Topic modeling can be used to discover the underlying themes and patterns in a collection of documents (e.g. CVE Descriptions, or CWE Descriptions,...).

It is an unsupervised machine learning technique that’s capable of scanning a set of documents, detecting word and phrase patterns within them, and automatically clustering word groups and similar expressions that best characterize the set of documents.

The output is collections of documents that the algorithm has grouped together, as well as clusters of words and expressions that it used to infer these relations.

BERTopic

BERTopic is a topic modeling technique that leverages 🤗 transformers and c-TF-IDF. In general, it outperforms other methods (statistical vs Language Model based) e.g. LSA, LDA.

Quote

Before diving into a classification task, text clustering allows for getting an intuitive understanding of the task but also of its complexity.

BERTopic is a topic modeling technique that assumes that clusters of semantically similar documents are a powerful way of generating and describing clusters. The documents in each cluster are expected to describe a major theme and combined they might represent a topic.

Extracts from book co-authored by BertTopic creator: https://www.oreilly.com/library/view/hands-on-large-language/9781098150952/

Topic Model CWEs

I've used BERTopic to Topic Model lots of datasets to quickly get an intuition for the data.

In this example, we'll look at CWEs.

  • Specifically, generate a Topic Model of the ~1000 CWEs in 1400 View, so we can better understand the underlying patterns and themes.

I did this initially as part of a LinkedIn Thread, to illustrate Topic Modeling as a solution, but also the ease and speed at which it could be done.

Code

Source Code

The starting point code is deliberately chosen as unrelated to CyberSecurity: https://github.com/splevine/harnessing-nlp-cx-demo Mar 2024 (where this repo gives an excellent overview of NLP and BERTopic and SetFit).
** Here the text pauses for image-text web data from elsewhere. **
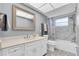 Elegant bathroom with white cabinets, marble shower and a large mirror at 5130 Brittany S Dr # 106, St Petersburg, FL 33715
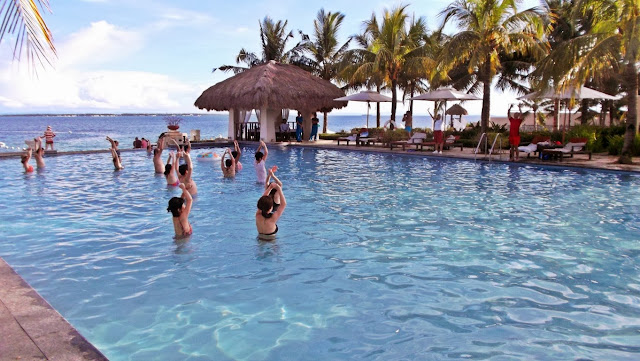 guests exercising / dancing with the instructors at the main pool of Crimson Resort and Spa in Mactan Cebu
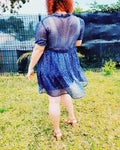 Femme portant une robe babydoll en dentelle bleu, vue de dos, dans un jardin verdoyant.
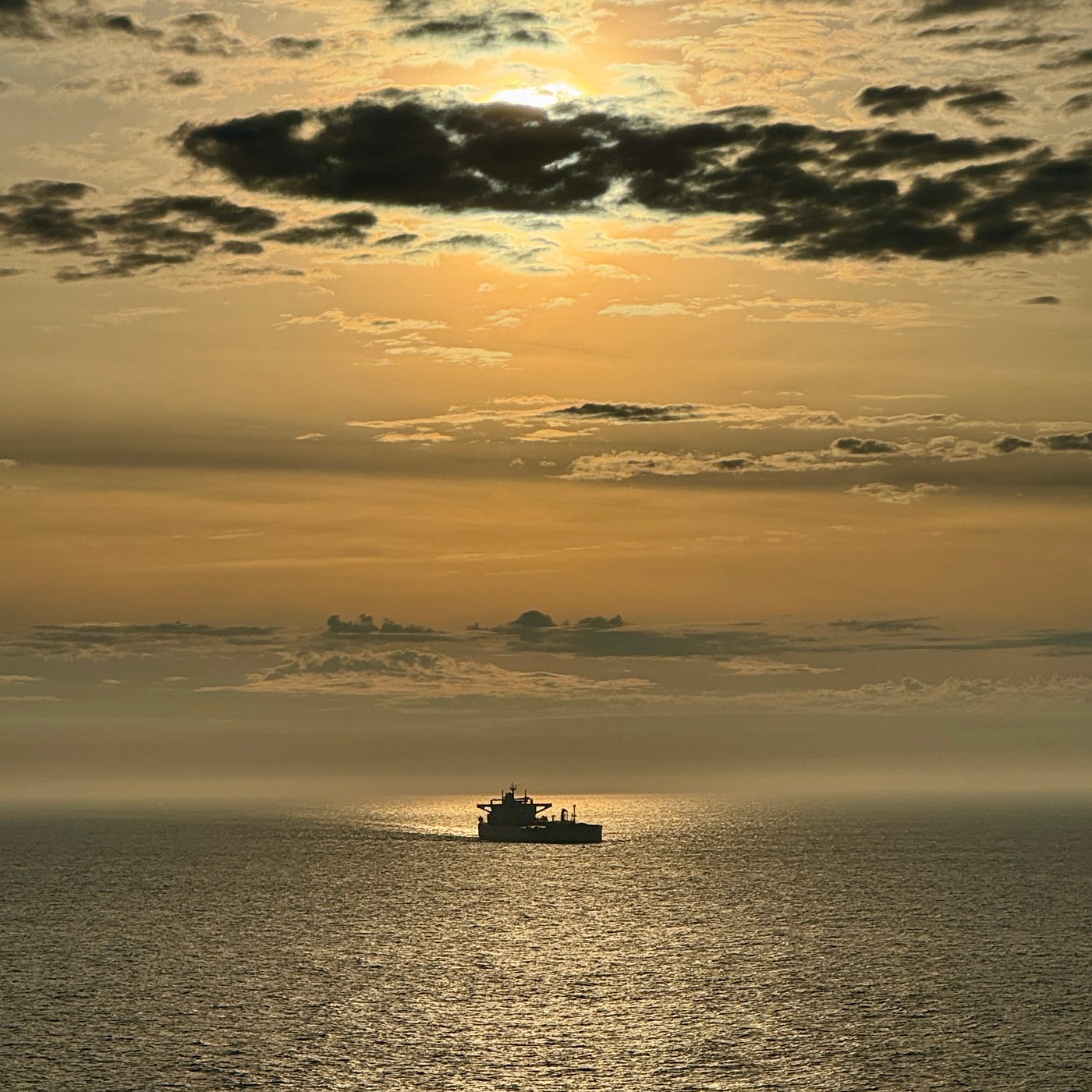When I looked out across the water, I saw a fuel tanker. Its silhouette looked exaggerated by the direction of the sun.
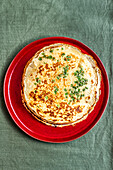 A savoury pancake made with egg batter and seasoned with spring onions and toasted sesame oil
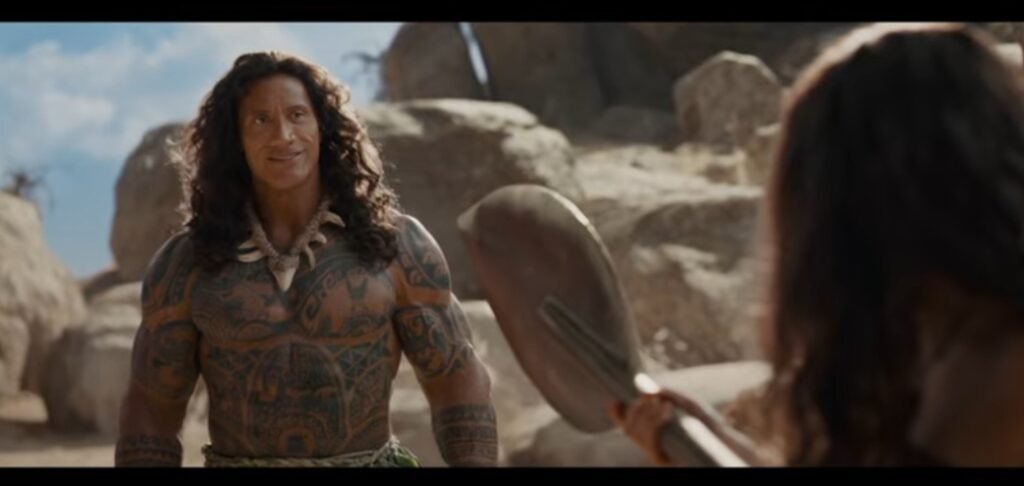 Alt =Alt text:  
Live‑action “Moana” 2026 scene featuring Dwayne Johnson as Maui, standing in a rocky sunlit landscape with his Polynesian tattoos visible as he faces someone holding a curved weapon, used in a Moana live action trailer discussion.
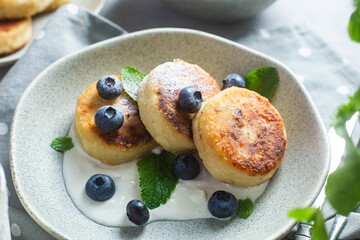 Cottage cheese pancakes with cream sauce and blueberries. syrniki 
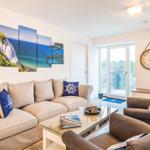 Wohn-/Essbereich: Sofa, Smart-TV, Essbereich, Treppenaufgang zur Dachterrasse, Zugang zum Balkon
The main changes I made were:

  1. Don't use wandb (Weights and Balances) service as it was not needed for the demo
  2. Use the 1400 CWE view 1400.csv as the input Data
  3. Use SentenceTransformer("basel/ATTACK-BERT") as the embedding_model so that CyberSecurity embeddings are used.
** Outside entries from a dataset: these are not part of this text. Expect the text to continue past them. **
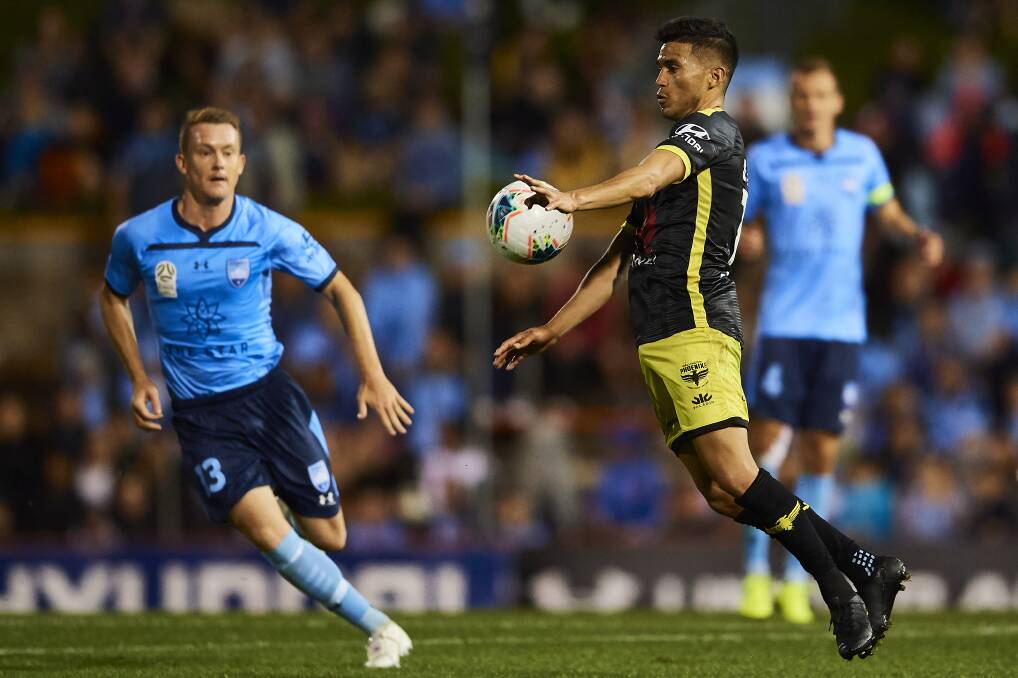 FOCUSED: Ulises Davila (right) looks to control possession against Sydney FC in 2019. Picture: Brett Hemmings/Getty Images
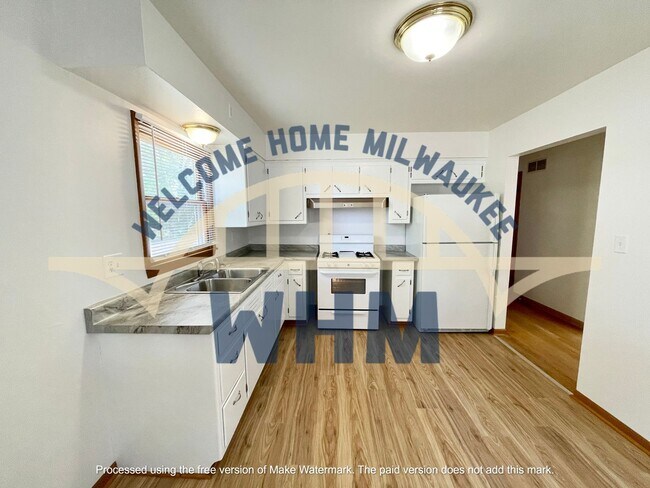 Building Photo - Lower Unit Oasis Awaits: Bay View Gem with...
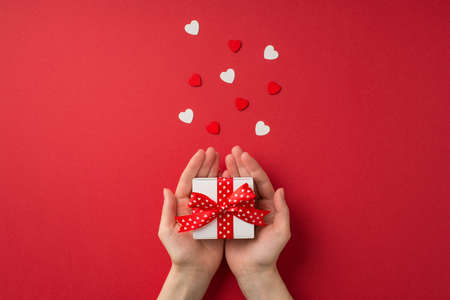 First person top view photo of valentine's day decorations female hands holding small white giftbox with red dotted ribbon bow on palms and hearts on isolated red background with copyspaceの写真素材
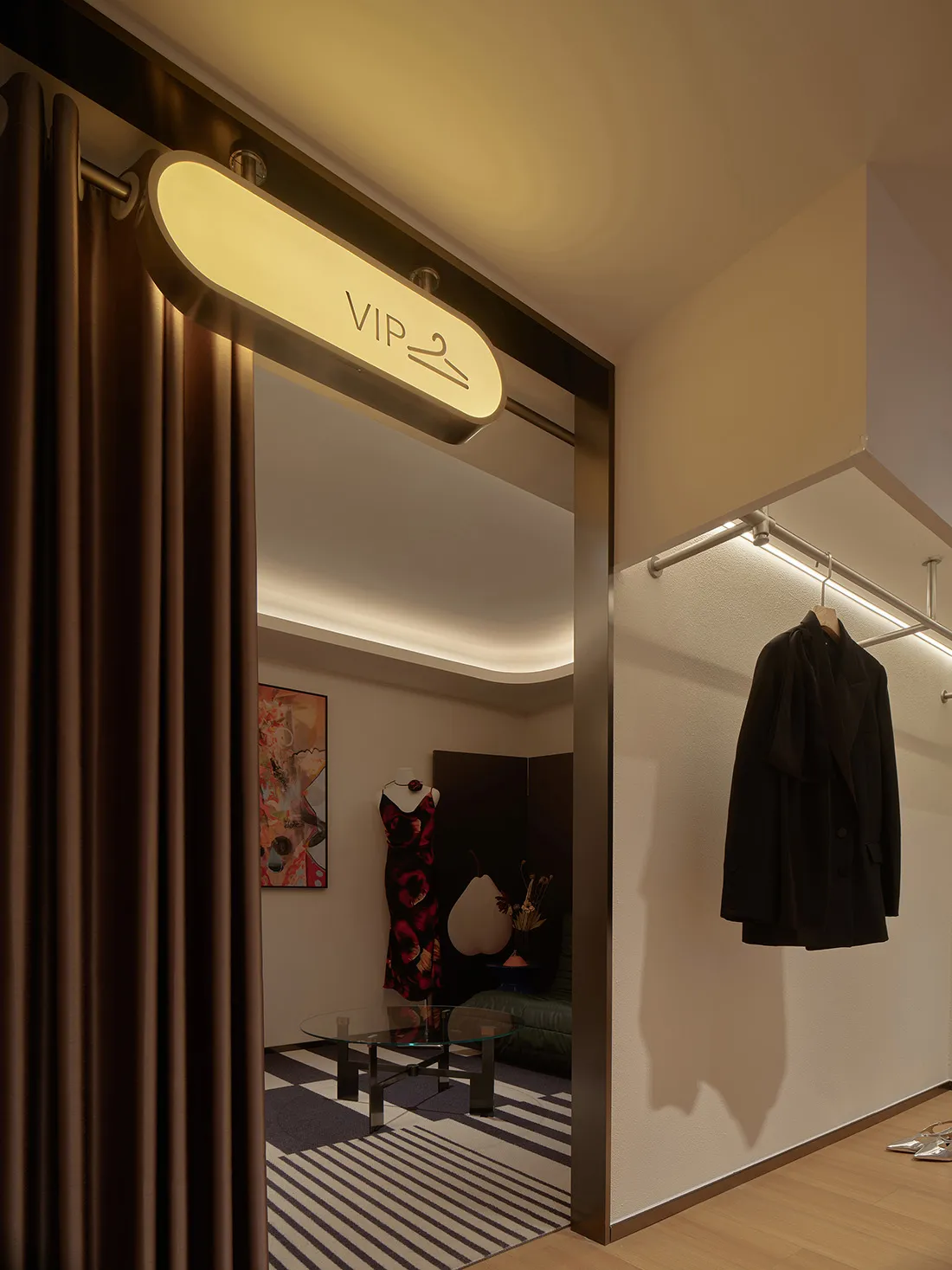 A luxurious VIP room with metallic textures in a high-end retail setting.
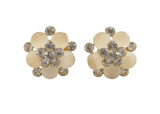 Pair of floral earrings with beige flowers and gold accents on a white background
The code and visualizations are available here: https://colab.research.google.com/drive/168i3oHekL4Cva2s2w01KMq6mnffDgxIS?usp=sharing No effort was made to optimize the topic modeling i.e. it was completely unsupervised.

Topic Model of the ~1000 CWEs in 1400 View

The top level categorizations of CVE 1400 per https://cwe.mitre.org/data/definitions/1400.html.

The Topic Model of 1400 CWE view 1400.csv with the top level categorizations overlayed in bold to allow comparison of the top level groupings assigned by MITRE and the Topic Modeling.

Other visualizations are available in the Colab Notebook.

Takeaways

Takeaways

  1. Topic Modeling with BERTopic is a powerful unsupervised learning approach to quickly and easily get an intuition for a set of documents.